Giants in the Trees filmed their “Sasquatch” video was shot in Hendrickson Canyon.

Krist Novoselic has begun the grind again. The 52-year-old former Nirvana bassist, who has since formed a couple of short-lived groups between joining the Foo Fighters and Paul McCartney on national stages, has launched a new Northwest-based band, Giants in the Trees, a mix of rock, pop, and folk music. The video for their first single, "Sasquatch," released July 26, has garnered more than 100,000 YouTube views despite it "costing nothing," and, Novoselic states, it "simply features the band meandering through the lush woods wearing goofy grins."

"That was shot a stone's throw from my house," adds Novoselic, a resident of the pastoral Wahkiakum County in Southwest Washington. "Hendrickson Canyon is a state preserve—there are giant trees in there, huge skunk cabbage leaves, and ferns." But despite the rural, country brand of the video, Novoselic and his group understand the new fast-paced digital age well and how their message is received within it. "Everything is self-released," notes the former grunge icon. "No label, no distribution company—that whole old chain has changed."

Novoselic's fame is inescapable, despite his best efforts. But he also understands his notoriety, born out of the sizzling Nirvana days, allows him to gain exposure for new projects that many others wouldn't get. "People pay attention and come to our shows because I used to play bass in Nirvana—they also check out the video," he admits. "But I feel we have something to offer." And they do. "Sasquatch" is a gripping tune featuring wailing harmonica and thick rhythms highlighted by operatic singer Jillian Raye and her crescendoing vocals.



The members of Giants in the Trees, which formed a year ago after an open call for a local jam, all share a common appreciation of their natural Wahkiakum County surroundings. The band—composed of Novoselic, Raye, slinky guitarist Ray Prestegard, and groovy drummer Erik Friend—also has a great deal of musical chemistry. "We were the only four who showed up [for the jam]," Novoselic says, laughing. "But we wasted no time. We started making songs. I laid down that riff for 'Sasquatch,' and we were off."

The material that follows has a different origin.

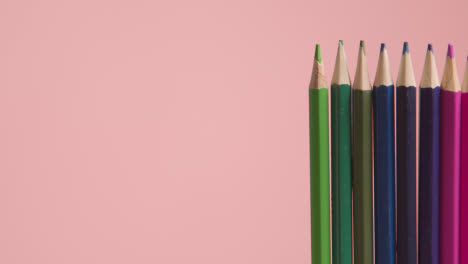Studioaufnahme-Einer-Rotierenden-Linie-Aus-Mehrfarbigen-Bleistiften-Vor-Rosafarbenem-Hintergrund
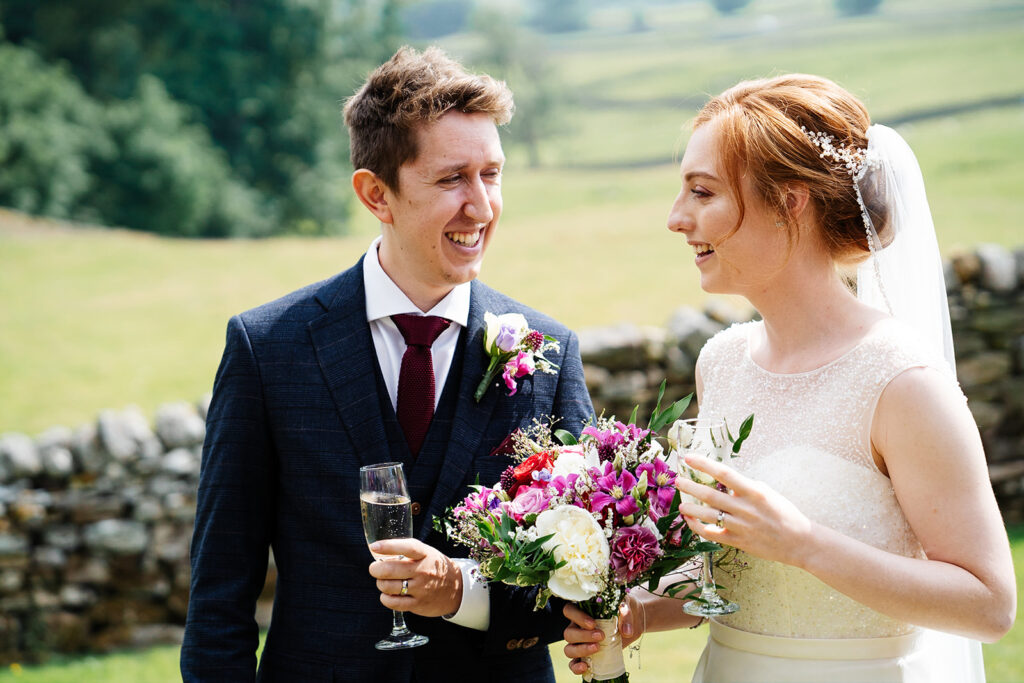 Bride and groom laughing together in scenic countryside setting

Since that first day, the band has played a handful of gigs around the Northwest, including at Slim's Last Chance and the Blue Moon. The group also has plans for an album release, likely in September. "We have a few more finishing touches," says Novoselic.

But as the modes of distribution in music have changed, many of the formal instruments have not. For Novoselic, two in particular have remained constant in his creative life: bass and accordion, both of which he plays in Giants in the Trees. "With the bass," he smiles, "it's the same bag of tricks I always use—though there's not many of them. But I always pull them out and they seem to work." The accordion, on the other hand, is like "second nature." Both have proven invaluable for the group, whose members switch from banjo to bass and box slide to rhythm guitar, depending on the song.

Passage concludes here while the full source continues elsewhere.